Foto tomada de CSCA web

La Zona Cero está en el alma de occidente,
cerca del corazón, en un solar de Manhattan.
Cayeron los gigantes. Lágrimas de septiembre.
Lágrimas de carne y metal.
El planeta contuvo la respiración.

Los hijos del ocaso se armaron en respuesta.
Que pena que no sepas repartir tu piedad.
También que cada herida en la piel de este planeta es una Zona Cero que llorar.
Y abres otra herida repitiendo el mismo error.

La Zona Cero sangra en la ruinas de Kabul.
Una boca sin dientes sonríe bajo un burka.
La Zona Cero extiende sus manchas hacia el sur.
Y no hay septiembres ni lamentos para esta tierra agujereada por el fuego.

Rodeado de alambradas, muy cerca de Belén,
En plena Zona Cero nació el hijo de un dios.
Los olivos se secan y Palestina ve como bajo los escombros duermen palomas que se esconden del invierno.

Y ahora tú, mi amor,
pequeña gran superpotencia
despiértame
y dime que las cosas va a marchar bien.
Que sembrarás de flores toda la ciudad.
Que me harás temblar.
Y ahora ven, mi amor,
salgamos a la calle bien temprano
para gritar
que en nuestro nombre nunca deberán cortar
las manos que sembraron,
que dieron calor.
Y si es en su nombre,
yo maldigo a dios.

Desde un hotel contempla la bella Scherezade,
cegada por las llamas, las calles de Bagdagd.
Las mujeres se esconden del lobo en Ciudad Juárez.
Y en un semáforo de Río de Janeiro
los niños comen plomo y papel de celofán.

En África la Zona Cero hincha los vientres
y llenará sus camas de sombras y delirios.
Un indio en una selva hoy sueña con serpientes.
Y en un café de Grozni los más viejos
lloran por la calma que no volverá.

Y ahora ven, mi amor,
pequeña gran superpotencia
despiértame
y dime que las cosas va a marchar bien.
Que sembrarás de flores toda la ciudad.
Que me harás temblar.
Y ahora ven, mi amor,
salgamos a la calle bien temprano
para gritar
que en nuestro nombre nunca deberán cortar
las manos que sembraron,
que dieron calor.

Y si es en su nombre,
yo maldigo a dios.
Disco: Principio de incertidumbre
Estreno: septiembre de 2003

6 comentarios:

Héctor Ojeda dijo...

Alholva, la realidad hecha canción espinuda y penetrante, fuerte y descarnada, pienso en los miles que con dolor les han desgarrado sus miembros, el alma y hasta sus bellas y frágiles vidas, Dios perdona nuestra ocupada apatía y la dureza de nuestras miradas para con el horror de la sagre que se escapa por la inocencia de los niños, por la agonía de los ancianos, por el errado deber de los contingentes... Un beso para tí, que aún podemos estar.

itsasbeltza dijo...

Canción que siempre tuve en la recamara, lista para postear.

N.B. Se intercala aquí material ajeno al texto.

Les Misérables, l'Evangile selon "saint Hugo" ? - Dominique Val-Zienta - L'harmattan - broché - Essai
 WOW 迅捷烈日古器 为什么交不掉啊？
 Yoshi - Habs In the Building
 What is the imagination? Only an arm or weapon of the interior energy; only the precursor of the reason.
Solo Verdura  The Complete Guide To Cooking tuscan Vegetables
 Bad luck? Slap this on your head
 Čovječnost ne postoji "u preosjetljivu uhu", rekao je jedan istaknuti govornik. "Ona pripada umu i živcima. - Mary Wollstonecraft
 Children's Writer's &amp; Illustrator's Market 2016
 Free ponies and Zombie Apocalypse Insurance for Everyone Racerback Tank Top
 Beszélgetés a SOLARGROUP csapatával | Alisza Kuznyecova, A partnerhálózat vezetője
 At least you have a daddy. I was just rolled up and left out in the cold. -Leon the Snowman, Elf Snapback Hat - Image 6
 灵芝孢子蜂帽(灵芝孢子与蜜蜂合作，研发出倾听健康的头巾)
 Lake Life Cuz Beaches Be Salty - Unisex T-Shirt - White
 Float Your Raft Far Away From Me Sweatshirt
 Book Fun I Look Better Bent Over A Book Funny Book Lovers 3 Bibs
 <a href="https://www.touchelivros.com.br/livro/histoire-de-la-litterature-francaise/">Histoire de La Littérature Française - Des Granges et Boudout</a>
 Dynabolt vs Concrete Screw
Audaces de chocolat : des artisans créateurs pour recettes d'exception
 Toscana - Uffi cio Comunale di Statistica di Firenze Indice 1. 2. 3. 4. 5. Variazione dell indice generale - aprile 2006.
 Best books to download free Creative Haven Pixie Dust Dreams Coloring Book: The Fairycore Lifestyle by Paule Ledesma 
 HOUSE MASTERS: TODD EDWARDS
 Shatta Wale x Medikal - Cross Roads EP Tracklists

Fuiste más rápida, Billy!!!

bettyylavida dijo...

joder, sí que está bien la letra..qué asco de potencia, qué asco de excusas , de dinero, de poder

Alholva dijo...

Itsasbeltza, en tu entrada del mismo día lo habías dicho todo tan bien que no me quedaba más remedio que tirar de plagio.
Desde aquí la recomiendo.

Un beso.

itsasbeltza dijo...

No es plagio. ¿Ácaso los coros no cuentan como algo propio?

Alholva dijo...

Sí, pero la letra (que es lo que importa) la había escrito otro.